IRELAND’S peer-to-peer sector is flourishing largely thanks to the country’s demand for property development.
Property lenders such as Initiative Ireland and GLI Finance are well-established in the Republic, which also boasts business lenders like Flender, Linked Finance and GRID Finance.
And as Brexit draws closer, sending many financial firms across the Irish Sea in an effort to stay connected to the EU, we thought it would be a good time to take a look at the stalwarts of the growing Irish P2P scene…
Bricks and Mortar
Property investment underpins Ireland’s P2P market, with a series of firms focusing almost exclusively on the sector.
Last year Initiative Ireland funded a €1.5m (£1.3m) property-backed loan, which is also the country’s largest P2P loan to date.
The loan was for North Strand Five Lamps that will finance a social housing development in Dublin, consisting of 10 apartments and a ground floor cafe.
Meanwhile, Initiative Ireland sets up syndicates of loans for P2P lenders to fund and back residential development projects.
It is looking to raise €60m (£53m) by the end of 2018 and offers investors returns of between three and eight per cent.
The firm’s business model is underpinned by research that shows four times more houses need to be built in 2018 than in 2017 to match demand in Ireland.
The lender has said it intends to launch a new residential property fund worth €150m later this year. Initiative Ireland will act as the investment advisor on a €150m Residential Property Finance Fund alongside Irish wealth manager The Davy Group.
The senior debt fund will specialise in financing residential property developments and aims to fund the construction of more than 2,500 new family homes in high-demand areas across Ireland over the next five years.
The fund is targeting annual returns of between seven and 7.5 per cent, although it will initially be available only to institutional investors and qualified lenders who can invest a minimum of €100,000.
Recently, GLI Finance (GLI) offloaded its stake in an Irish fund dedicated to small- and medium-sized enterprises(SMEs) so it can instead focus on property lending in the country.
GLI said the proceeds of £7m will help launch a new property finance business in Ireland this August.
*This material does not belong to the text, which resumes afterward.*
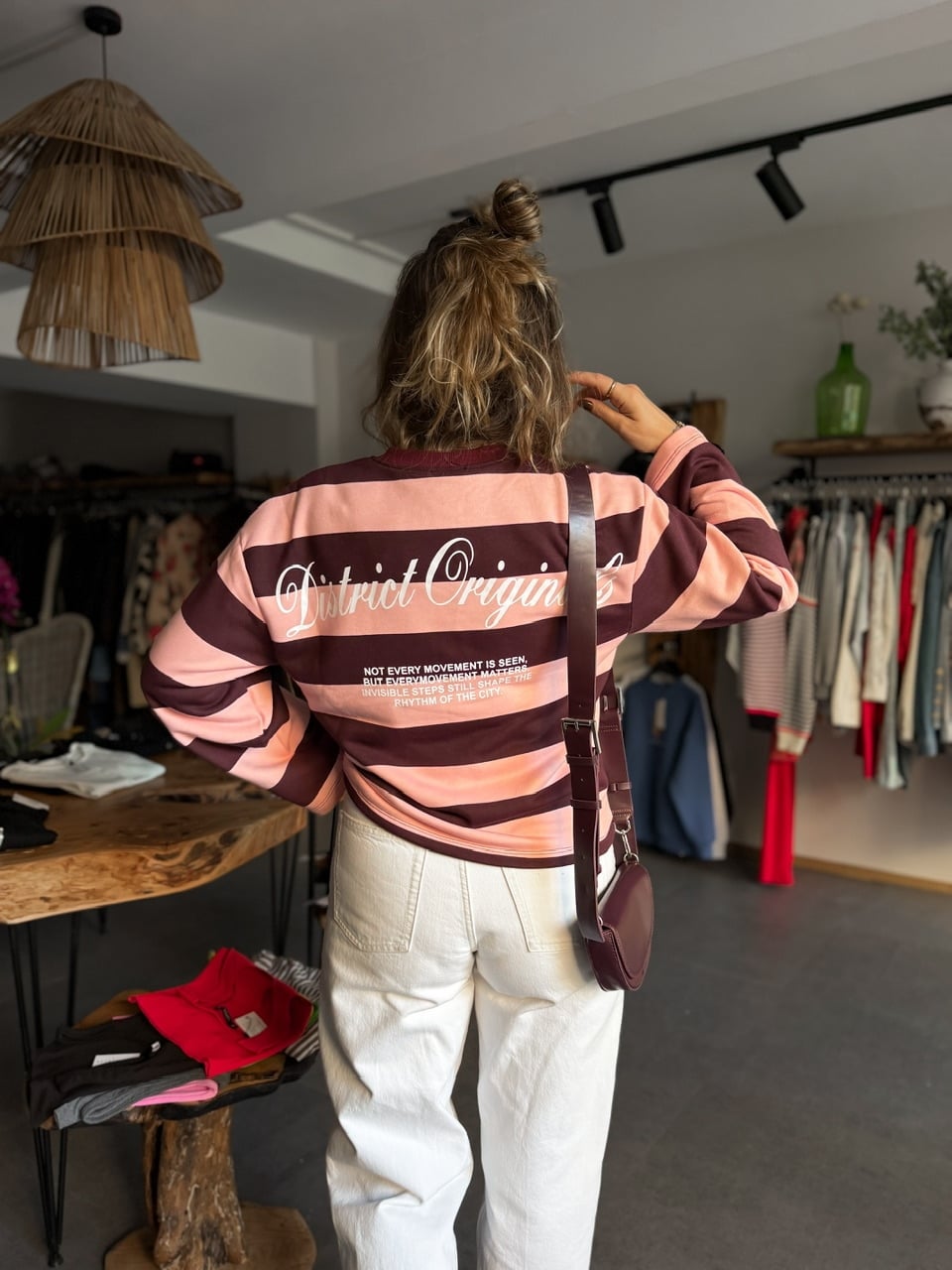 Pembe Bordo Çizgili Yazılı Sweatshirt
“The net proceeds of the transaction will be redeployed for general investment purposes including the launch of Sancus BMS’ property backed lending business in Ireland which is due to commence activities in August 2018,” GLI said in a stock market update.
“The company believes that this business should generate a higher return on capital compared to the historic working capital lending business.”
SME funding may trail property at the moment in Ireland’s P2P sector, but SME lenders are carving out a strong path in the country.
Irish SMEs are served by platforms like Flender, which launched in early in 2017 and has helped Irish businesses raise more than €1.28m to date.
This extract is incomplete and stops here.